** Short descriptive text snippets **
———

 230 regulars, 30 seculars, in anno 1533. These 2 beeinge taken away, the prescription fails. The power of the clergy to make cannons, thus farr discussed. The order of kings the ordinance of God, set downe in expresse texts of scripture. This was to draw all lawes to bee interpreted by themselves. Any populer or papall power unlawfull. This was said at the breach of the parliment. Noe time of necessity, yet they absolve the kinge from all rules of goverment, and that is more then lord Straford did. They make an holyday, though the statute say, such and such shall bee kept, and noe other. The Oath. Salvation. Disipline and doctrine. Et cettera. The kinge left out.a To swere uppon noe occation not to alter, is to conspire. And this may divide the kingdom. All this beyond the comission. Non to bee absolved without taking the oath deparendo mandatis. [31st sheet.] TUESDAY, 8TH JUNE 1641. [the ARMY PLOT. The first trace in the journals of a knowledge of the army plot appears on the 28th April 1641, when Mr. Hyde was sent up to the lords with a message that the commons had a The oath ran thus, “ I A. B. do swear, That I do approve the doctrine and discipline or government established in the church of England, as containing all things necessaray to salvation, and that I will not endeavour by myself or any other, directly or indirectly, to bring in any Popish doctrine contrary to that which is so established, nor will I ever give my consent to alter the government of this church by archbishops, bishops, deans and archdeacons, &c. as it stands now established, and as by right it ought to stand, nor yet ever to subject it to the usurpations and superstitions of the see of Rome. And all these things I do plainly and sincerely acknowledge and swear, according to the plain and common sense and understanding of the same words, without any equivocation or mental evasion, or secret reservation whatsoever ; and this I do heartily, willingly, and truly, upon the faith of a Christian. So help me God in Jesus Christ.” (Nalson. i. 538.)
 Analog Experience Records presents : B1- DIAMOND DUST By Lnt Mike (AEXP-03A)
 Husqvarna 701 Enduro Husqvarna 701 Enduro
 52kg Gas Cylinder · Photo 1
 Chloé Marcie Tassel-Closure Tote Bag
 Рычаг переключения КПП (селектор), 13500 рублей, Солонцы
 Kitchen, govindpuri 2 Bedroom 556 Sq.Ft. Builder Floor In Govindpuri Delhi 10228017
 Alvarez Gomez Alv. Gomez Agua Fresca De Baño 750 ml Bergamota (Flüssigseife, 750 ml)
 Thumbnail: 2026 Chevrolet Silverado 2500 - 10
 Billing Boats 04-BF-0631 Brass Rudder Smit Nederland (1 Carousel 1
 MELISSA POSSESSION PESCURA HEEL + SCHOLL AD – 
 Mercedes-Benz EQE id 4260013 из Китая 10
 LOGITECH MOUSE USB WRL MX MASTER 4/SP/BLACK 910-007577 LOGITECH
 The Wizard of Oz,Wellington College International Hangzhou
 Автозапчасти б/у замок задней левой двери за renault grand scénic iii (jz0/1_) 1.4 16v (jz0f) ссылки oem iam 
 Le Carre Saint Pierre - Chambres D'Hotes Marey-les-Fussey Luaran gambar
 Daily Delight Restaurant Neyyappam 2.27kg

———

** EXERCISE INSTRUCTIONS **
Produce only the lines from the line containing "Analog Experience Records" through the line containing "Рычаг переключения КПП", inclusive of both, exactly as they stand in the entries above.

** ANSWER TO THIS EXERCISE **
 Analog Experience Records presents : B1- DIAMOND DUST By Lnt Mike (AEXP-03A)
 Husqvarna 701 Enduro Husqvarna 701 Enduro
 52kg Gas Cylinder · Photo 1
 Chloé Marcie Tassel-Closure Tote Bag
 Рычаг переключения КПП (селектор), 13500 рублей, Солонцы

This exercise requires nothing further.